Gaël Garcia Bernal played his creative advertising guy role excellently. Not particularly political, at least at the beginning, he brings his expertise in selling things to this most political of questions. And, like in countless referendum/plebiscite situations the world over, he is challenged by how to make the negative answer positive and happy. In the Chilean situation, with historical extremes of violence and repression, that would have been particularly difficult, especially with passionate people who believe in their option, but also want to use their unprecedented opportunity to set the record straight on what the Pinochet regime had done.
Our hero persists, sticking to the positive message, even as the regime tries to intimidate the "No" side, and even as the creativity of his own boss is brought into the mix on the "Yes" side. He goes from someone who is not quite apolitical (who could be in the context of a brutal dictatorship?), but certainly not politically active, to someone who sees the violence up close and threatening to his own friends and family and has no choice but to become more invested in the work he is doing. The struggle to stick to what you know about marketing must be so much more difficult when you start to get a personal understanding of the motivations of the people who want to show the ugliness of the regime.
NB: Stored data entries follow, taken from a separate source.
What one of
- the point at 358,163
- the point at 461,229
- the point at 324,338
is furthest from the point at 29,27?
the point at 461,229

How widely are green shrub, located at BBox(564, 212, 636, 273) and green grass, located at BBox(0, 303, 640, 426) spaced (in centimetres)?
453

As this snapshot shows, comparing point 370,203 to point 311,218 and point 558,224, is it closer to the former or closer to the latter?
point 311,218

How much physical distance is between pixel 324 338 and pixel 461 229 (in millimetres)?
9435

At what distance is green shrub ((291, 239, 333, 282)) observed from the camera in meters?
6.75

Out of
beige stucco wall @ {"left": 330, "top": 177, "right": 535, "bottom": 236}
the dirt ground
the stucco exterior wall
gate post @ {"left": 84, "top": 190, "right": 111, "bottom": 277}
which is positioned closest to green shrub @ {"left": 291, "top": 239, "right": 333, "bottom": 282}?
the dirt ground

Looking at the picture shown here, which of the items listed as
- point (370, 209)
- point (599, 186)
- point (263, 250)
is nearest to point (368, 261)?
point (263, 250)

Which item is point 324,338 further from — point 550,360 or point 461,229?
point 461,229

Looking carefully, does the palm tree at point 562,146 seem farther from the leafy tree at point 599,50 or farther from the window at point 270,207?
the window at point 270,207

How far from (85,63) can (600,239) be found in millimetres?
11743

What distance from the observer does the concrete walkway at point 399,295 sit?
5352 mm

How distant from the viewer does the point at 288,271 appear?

Positivity wins every time, though. And the "No" jingle is stuck in my head, or at least the tune of it, as I am no further ahead on my Spanish than I was in the late 1970s/early 1980s. That's marketing.
The other thing the film really underlined for me was the importance of international attention (except mine, I guess, not having been aware at the time!). The regime was pushed into the plebiscite in an attempt to legitimize itself in the eyes of the world, and you won't be believed in that process unless you let the world in to watch how it unfolds. The presence of foreign observers and journalists made it much more difficult to falsify the result, as much as you might want to.
The film is shot with techniques to make the integration of actual footage from the time more seamless, so it isn't as technically pretty as we are used to these days. Some of it even looked like it was in 3D, but we didn't have the glasses, so it just had that "shift" effect.
The other shift effect that happened during our screening was that two guys in the row ahead of us, off to our left at the beginning of the film, suddenly got up and moved over to sit in front of us about halfway through. Why will be forever a mystery to me, but I might just go with the explanation of another friend of mine who wasn't there: they must have wet their pants and wanted to move to a drier seat. Their quest for dryness made it more difficult for us to stretch out our legs. "No!" to moving seats mid-film!